Mission Dam is a dam on the Hiwassee River in Clay County, in the U.S. state of North Carolina. The dam is located between Hiwassee Dam and Chatuge Dam. The city of Andrews, North Carolina built the dam in 1924 at a cost of $500,000 to supply energy. The dam is the oldest on the river (other dams on along the Hiwassee were constructed in the 1940s). Nantahala Power and Light bought the facility in 1929 and upgraded it in 1943. Unlike other dams on the river, it is operated by Duke Energy instead of the Tennessee Valley Authority. In 2018 the dam was purchased by Northbrook Power Management

Mission Dam was built as an Ambursen type dam, but in 1999 many of its chambers were filled in due to concrete deterioration. It is 50 feet (15 m) high and 397 feet (121 m) long. Mission Dam is classified by the U.S. Army Corps of Engineers as a high-hazard dam, meaning a dam failure may pose a deadly threat to nearby residents. As of 2023, the dam's condition was listed as "fair."

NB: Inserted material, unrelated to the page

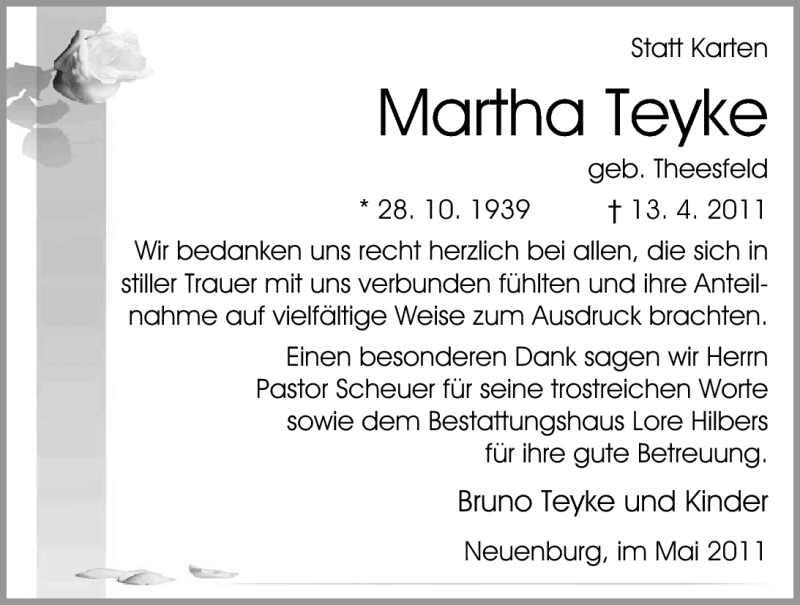  Traueranzeige für Martha Teyke vom 21.05.2011 aus Nordwest-Zeitung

The reservoir is 47 acres. The dam is adjacent to a portage for canoe access downstream and a hiking trail on the path of the former Peavine Railroad which ran nearby.

==Location==

Mission Dam is located 106 miles (170 km) above the mouth of the Hiwassee River, just upstream of the Cherokee County line.

The town of Hayesville, North Carolina and TVA's Chatuge Dam are located 9 miles and 15 miles upstream, respectively.